EXERCISE PROMPT
Beginning at the line with "this 400×711 image.", please repeat each line exactly through the end of the records below, including that first line and the last, but no pictures.
BEGIN
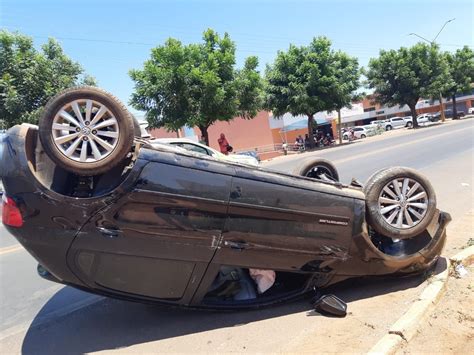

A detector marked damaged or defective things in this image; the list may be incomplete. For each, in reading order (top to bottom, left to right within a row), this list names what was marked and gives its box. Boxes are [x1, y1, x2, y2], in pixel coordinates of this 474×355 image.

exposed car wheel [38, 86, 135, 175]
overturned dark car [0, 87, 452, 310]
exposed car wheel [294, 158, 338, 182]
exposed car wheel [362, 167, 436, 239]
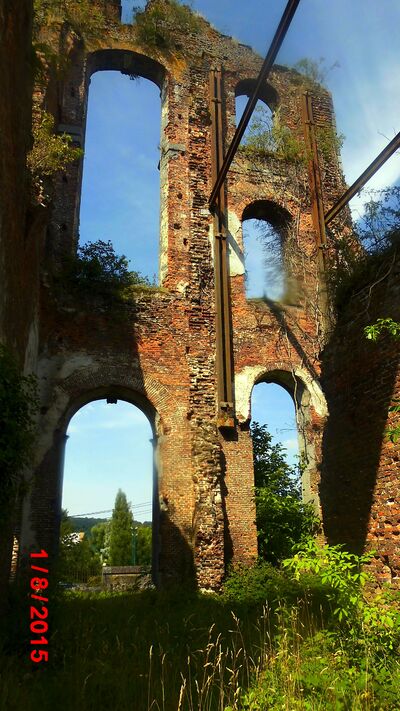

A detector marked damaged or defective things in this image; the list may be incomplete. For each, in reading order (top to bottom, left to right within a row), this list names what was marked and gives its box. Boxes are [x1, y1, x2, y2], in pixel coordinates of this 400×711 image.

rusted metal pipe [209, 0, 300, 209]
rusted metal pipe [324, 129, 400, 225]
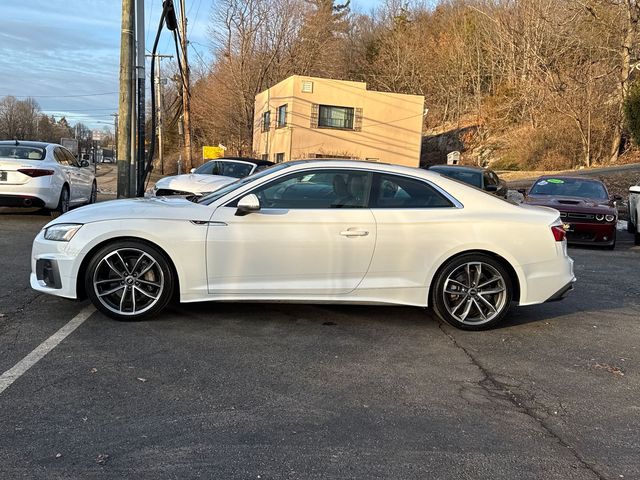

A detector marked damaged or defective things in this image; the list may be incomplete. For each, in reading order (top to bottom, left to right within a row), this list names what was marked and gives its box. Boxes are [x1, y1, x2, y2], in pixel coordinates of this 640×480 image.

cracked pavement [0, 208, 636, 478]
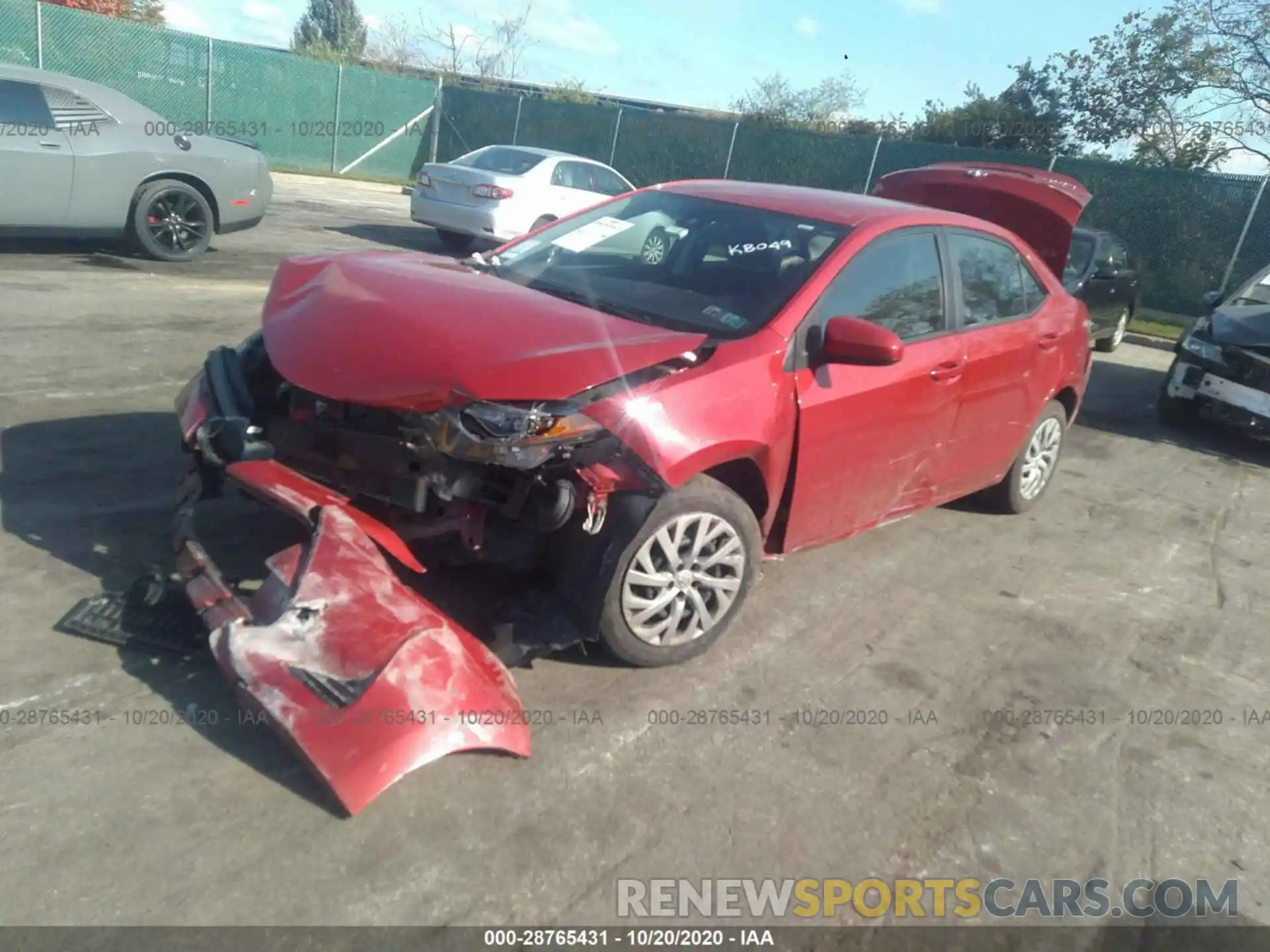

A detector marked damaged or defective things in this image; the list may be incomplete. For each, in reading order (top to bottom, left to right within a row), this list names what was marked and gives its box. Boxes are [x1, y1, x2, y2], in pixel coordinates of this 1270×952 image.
END
SOLUTION TO THE EXERCISE
A detector marked damaged or defective things in this image; the list may be incomplete. For each, in reading order (top to bottom, left to right within a row), this list names what was marked and gives its box. Boxes are [x1, y1, x2, y2], in pixel coordinates of this 400×711 image.

rusted metal pipe [209, 0, 300, 209]
rusted metal pipe [324, 129, 400, 225]

A detector marked damaged or defective things in this image; the list may be incomplete. For each, in reading order (top to bottom, left to right within a row), this list names what was marked and gives its box. Boxes are [x1, y1, x2, y2], in pixel coordinates of this 640×480 image.

cracked pavement [0, 208, 636, 478]

A detector marked damaged or defective things in this image; the list may be incomplete. For each, in reading order (top to bottom, left to right within a row), this list names what was marked and gives its box. Boxes are [x1, y1, x2, y2], in pixel coordinates of this 1270×952 image.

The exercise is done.